Toutefois, Nagumo n’est pas au rendez-vous cette nuit-là, et l’amiral se retire vers le sud-ouest pour rester hors de portée des patrouilles de jour ennemies, au cas où les Japonais arriveraient soudainement dans le secteur. Il retourne la nuit suivante au point où il estime que Nagumo lancera son attaque et, le 2 avril avant l’aube, il se retire encore une fois en direction sud-ouest. À la tombée de la nuit le 2 avril, soit la troisième nuit, il lance une fois de plus ses recherches vers l’est.

À 21 h le 2 avril, n’ayant vu aucune trace des Japonais depuis trois jours, Somerville en conclut que l’attaque a été annulée. Il ne peut d’ailleurs pas maintenir sa flotte en mer plus longtemps, car ses quatre cuirassés de la classe R produisent juste assez d’eau douce pour y demeurer à peine quelques jours de plus. La flotte met donc le cap sur l’atoll d’Addu, d’abord parce que la majorité des navires auxiliaires s’y trouvent déjà et ensuite pour garder une distance, au cas où la flotte japonaise ferait une apparition tardive près de Colombo. Somerville doit toutefois y envoyer deux bâtiments : le Cornwall, pour escorter un convoi de troupes, et le Dorsetshire, pour y poursuivre des travaux en radoub. Il envoie aussi le Hermes et le Vampire à Trincomalee, en pré-vision de l’occupation de Madagascar, alors sous l’autorité du gouvernement français de Vichy, dans le cadre de l’opération Ironclad21.

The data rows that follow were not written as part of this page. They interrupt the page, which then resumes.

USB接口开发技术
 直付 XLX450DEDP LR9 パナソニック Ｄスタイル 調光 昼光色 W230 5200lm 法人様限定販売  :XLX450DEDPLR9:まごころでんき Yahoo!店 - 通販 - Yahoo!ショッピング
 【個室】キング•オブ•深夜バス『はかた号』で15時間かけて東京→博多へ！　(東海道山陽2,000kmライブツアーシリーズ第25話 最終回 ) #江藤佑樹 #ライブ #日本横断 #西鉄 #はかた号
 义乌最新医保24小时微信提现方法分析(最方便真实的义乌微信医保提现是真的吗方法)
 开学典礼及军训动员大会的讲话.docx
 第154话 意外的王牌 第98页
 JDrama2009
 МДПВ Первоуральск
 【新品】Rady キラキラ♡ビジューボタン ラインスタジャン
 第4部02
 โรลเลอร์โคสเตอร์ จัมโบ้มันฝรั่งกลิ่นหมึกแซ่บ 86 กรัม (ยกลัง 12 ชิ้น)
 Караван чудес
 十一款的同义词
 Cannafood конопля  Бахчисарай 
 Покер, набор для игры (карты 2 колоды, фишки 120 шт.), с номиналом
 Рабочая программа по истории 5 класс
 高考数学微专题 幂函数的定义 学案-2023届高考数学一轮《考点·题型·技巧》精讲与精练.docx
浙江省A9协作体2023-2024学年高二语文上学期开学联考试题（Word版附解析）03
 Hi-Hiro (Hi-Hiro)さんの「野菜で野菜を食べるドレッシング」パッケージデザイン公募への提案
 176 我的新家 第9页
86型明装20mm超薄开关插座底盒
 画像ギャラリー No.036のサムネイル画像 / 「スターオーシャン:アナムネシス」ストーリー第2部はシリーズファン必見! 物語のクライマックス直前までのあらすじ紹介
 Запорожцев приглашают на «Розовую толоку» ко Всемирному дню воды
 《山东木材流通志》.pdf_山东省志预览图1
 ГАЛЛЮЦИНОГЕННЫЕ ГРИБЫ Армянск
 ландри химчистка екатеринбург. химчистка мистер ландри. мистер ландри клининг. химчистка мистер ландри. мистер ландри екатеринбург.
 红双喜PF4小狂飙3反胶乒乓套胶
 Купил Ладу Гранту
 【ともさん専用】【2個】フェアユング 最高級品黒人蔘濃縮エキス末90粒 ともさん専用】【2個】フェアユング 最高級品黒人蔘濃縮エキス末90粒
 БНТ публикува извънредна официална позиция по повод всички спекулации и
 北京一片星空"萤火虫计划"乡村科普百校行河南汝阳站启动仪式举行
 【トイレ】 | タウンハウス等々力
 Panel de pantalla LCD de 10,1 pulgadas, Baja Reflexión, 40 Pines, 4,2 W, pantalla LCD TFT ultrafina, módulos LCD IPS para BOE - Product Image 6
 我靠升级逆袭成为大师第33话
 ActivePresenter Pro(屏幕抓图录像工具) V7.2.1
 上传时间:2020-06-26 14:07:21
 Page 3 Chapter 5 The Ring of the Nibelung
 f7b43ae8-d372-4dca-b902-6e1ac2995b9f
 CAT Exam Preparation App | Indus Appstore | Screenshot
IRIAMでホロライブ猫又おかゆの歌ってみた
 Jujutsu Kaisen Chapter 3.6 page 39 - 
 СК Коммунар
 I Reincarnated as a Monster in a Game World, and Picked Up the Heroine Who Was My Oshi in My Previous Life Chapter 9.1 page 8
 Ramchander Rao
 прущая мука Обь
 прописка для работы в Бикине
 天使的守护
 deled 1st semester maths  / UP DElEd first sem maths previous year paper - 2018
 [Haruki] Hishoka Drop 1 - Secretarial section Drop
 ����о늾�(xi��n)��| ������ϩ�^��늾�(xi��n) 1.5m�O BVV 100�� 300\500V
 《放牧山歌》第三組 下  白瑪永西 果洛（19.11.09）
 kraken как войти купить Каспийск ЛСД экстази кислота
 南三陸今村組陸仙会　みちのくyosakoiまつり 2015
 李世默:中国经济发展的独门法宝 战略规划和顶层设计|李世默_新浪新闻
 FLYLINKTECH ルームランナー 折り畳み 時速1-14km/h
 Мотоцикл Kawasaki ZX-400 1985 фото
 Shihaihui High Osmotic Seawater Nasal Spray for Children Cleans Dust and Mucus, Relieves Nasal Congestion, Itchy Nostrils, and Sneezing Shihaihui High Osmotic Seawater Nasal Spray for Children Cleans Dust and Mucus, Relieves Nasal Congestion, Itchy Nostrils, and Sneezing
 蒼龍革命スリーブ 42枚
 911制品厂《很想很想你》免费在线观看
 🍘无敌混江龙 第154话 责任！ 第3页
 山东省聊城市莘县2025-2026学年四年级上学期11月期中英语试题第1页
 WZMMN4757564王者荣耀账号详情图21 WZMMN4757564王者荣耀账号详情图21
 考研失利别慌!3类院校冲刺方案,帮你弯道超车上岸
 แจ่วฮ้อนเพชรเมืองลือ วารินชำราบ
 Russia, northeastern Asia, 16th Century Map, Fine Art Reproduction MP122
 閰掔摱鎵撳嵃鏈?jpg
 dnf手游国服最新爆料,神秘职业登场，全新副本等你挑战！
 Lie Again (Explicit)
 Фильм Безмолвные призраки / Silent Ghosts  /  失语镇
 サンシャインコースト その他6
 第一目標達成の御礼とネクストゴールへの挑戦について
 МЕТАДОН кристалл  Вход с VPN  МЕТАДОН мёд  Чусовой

Cependant, l’opéra-tion C n’a pas été annulée. Elle se déroule en fait exactement comme l’ont prédit les services de renseignement électro-magnétique, mais n’a lieu ni le 1er ni le 2 avril. D’après certains renseignements, Nagumo aurait décidé d’attendre le 5 avril, soit le dimanche de Pâques, dans l’espoir de surprendre les Britanniques en rade le jour saint22. Selon d’autres, on doit noter qu’entre le 11 et le 16 mars le Shokaku et le Zuikaku ont pris la mer, contre toute prévision, pour intercepter un porte-avions américain et son escorte, qui étaient censés s’approcher des côtes du Japon. Ce n’est que le 24 mars que les deux bâtiments rejoignent la première flotte aéronavale à Staring Bay, au large de Kendari, sur l’île connue aujourd’hui sous le nom de Sulawesi (autrefois Célèbes)23. C’est de là que Nagumo lance l’opération C le 26 mars, sans trop savoir s’il s’agit de la date prévue à l’origine ou s’il y a eu ajournement pour l’une des deux raisons mentionnées ci-dessus.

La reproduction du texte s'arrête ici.